**WORK INSTRUCTIONS:** Whatever pictures the entries hold, omit them, and output exactly the lines from the one containing "Gallery image thumbnail" through the final line.

**EXERCISE INPUT:**

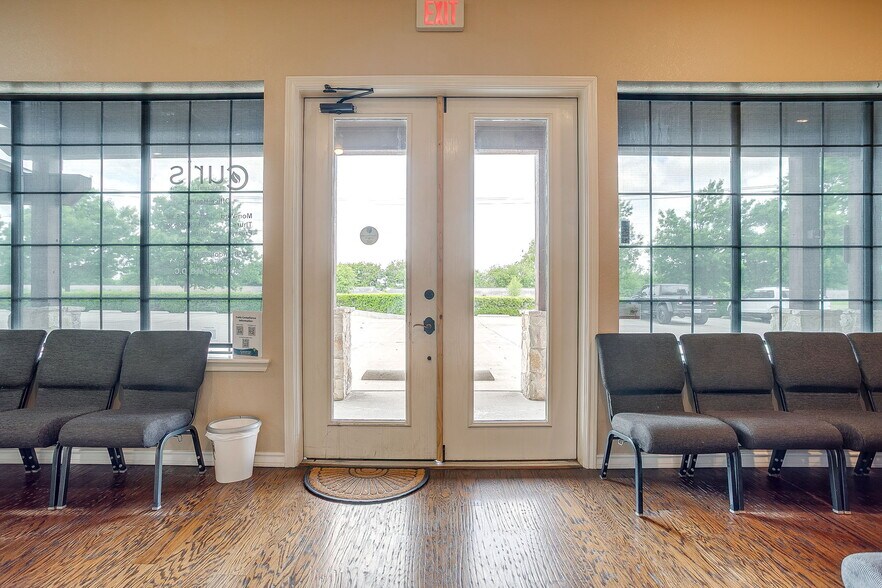 More Photos Of 1318 John Jones Dr, Burleson Office For Sale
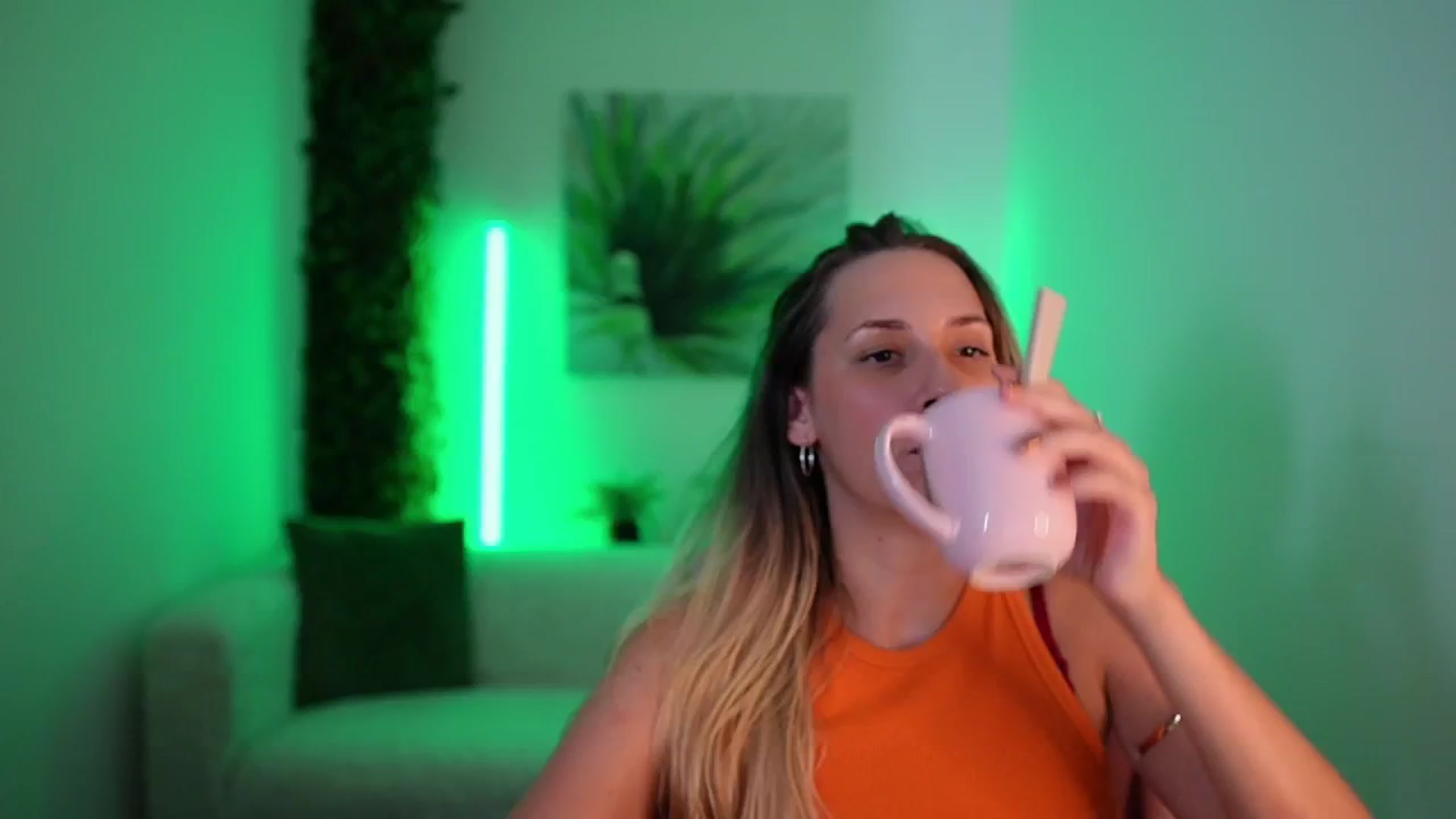 Gallery image thumbnail from Agatha_Vega's myfreecams stream on, 08/31/2024, 23:00 image 11 of 20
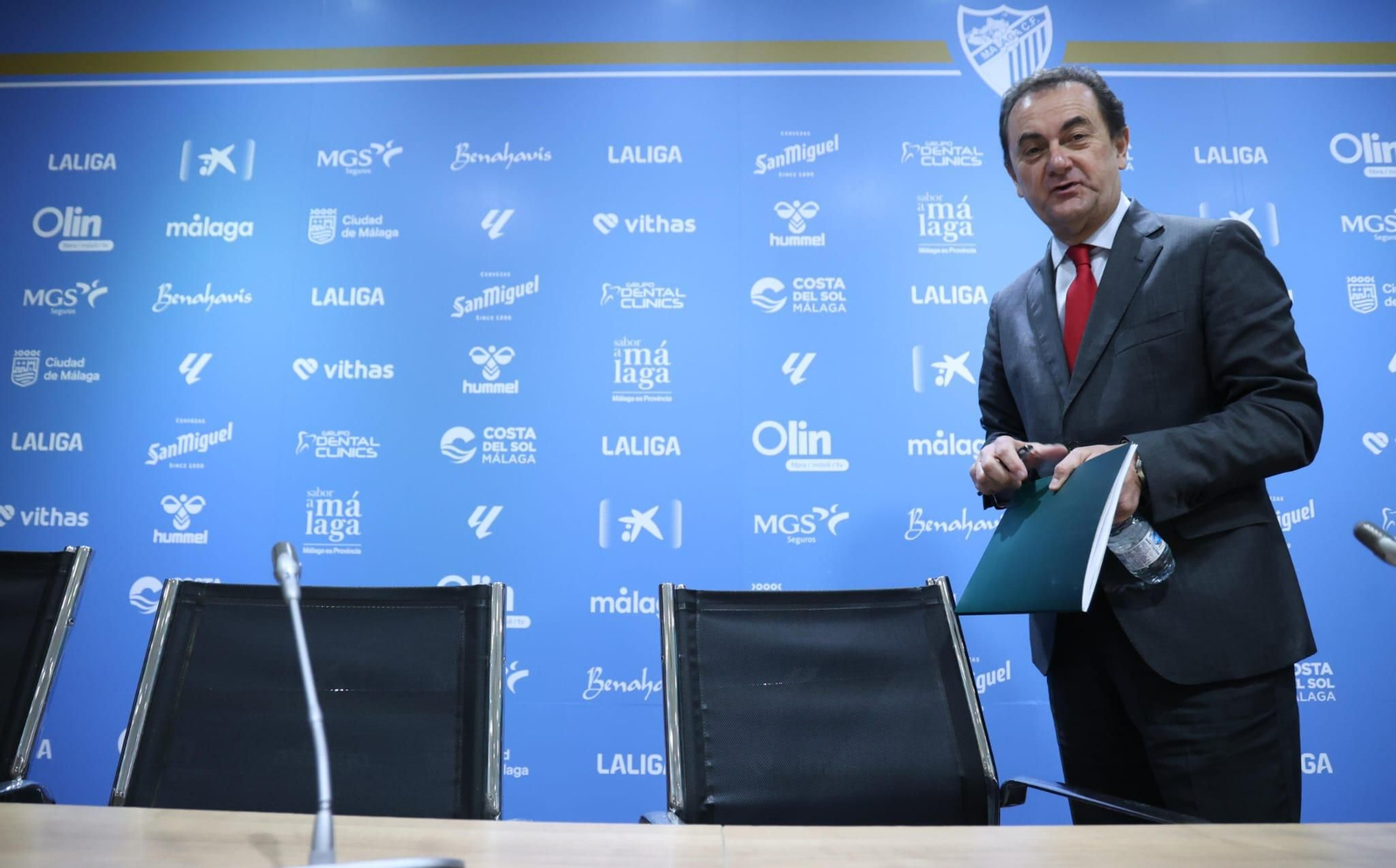 Las fotos tras la Junta General de Accionistas del Málaga CF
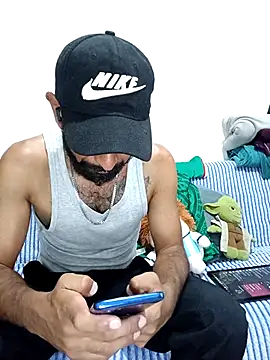 Snapshot of Barbanegra91mx chatting on July 15, 2026, 1:23 am Barbanegra91mx online show from July 15, 2026, 1:23 am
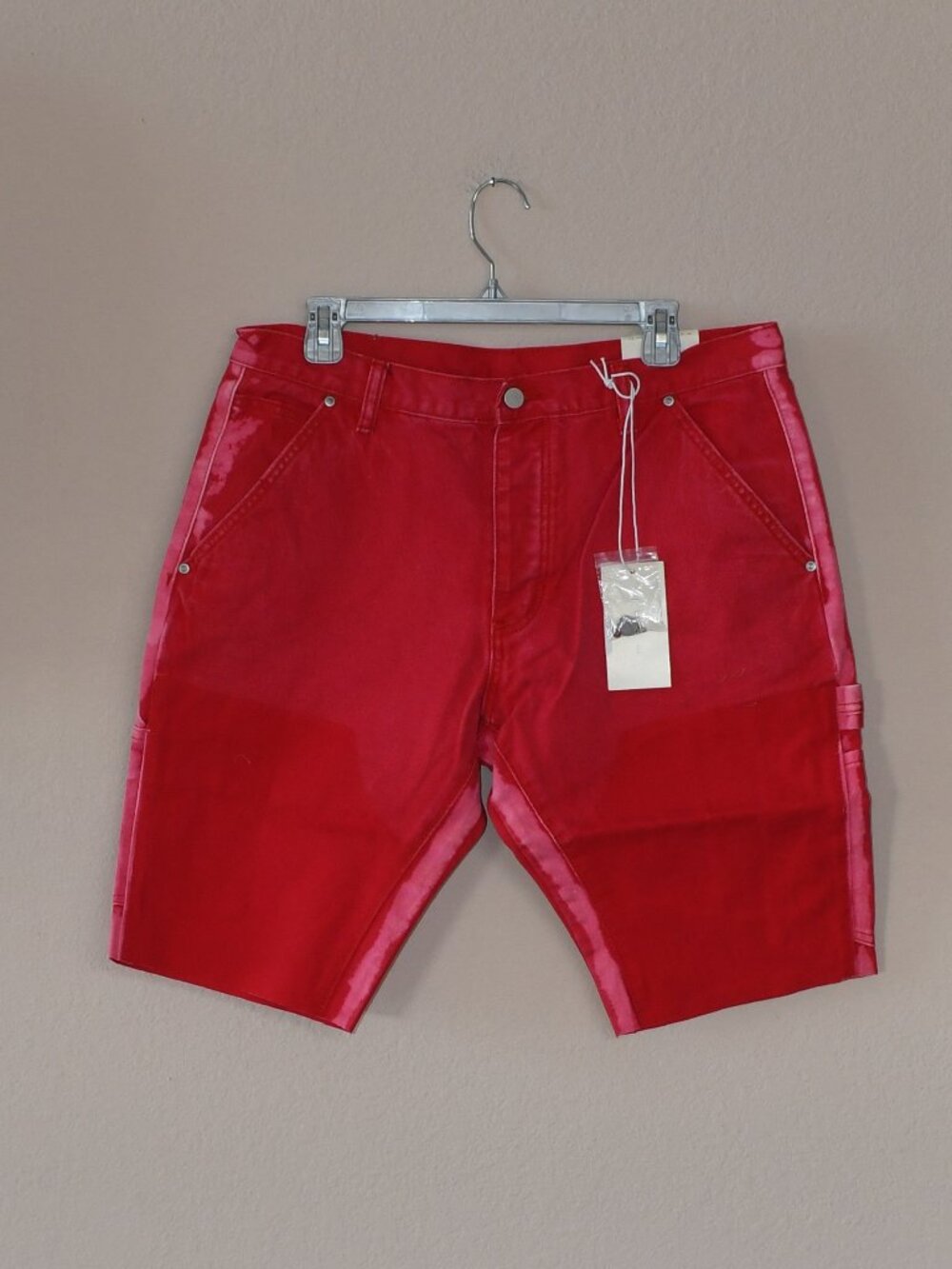 NWT Mens MNML Red Denim Raw Hem Carpenter Painter Streetwear Shorts Size 33 R404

**FINISHED EXERCISE:**
 Gallery image thumbnail from Agatha_Vega's myfreecams stream on, 08/31/2024, 23:00 image 11 of 20
 Las fotos tras la Junta General de Accionistas del Málaga CF
 Snapshot of Barbanegra91mx chatting on July 15, 2026, 1:23 am Barbanegra91mx online show from July 15, 2026, 1:23 am
 NWT Mens MNML Red Denim Raw Hem Carpenter Painter Streetwear Shorts Size 33 R404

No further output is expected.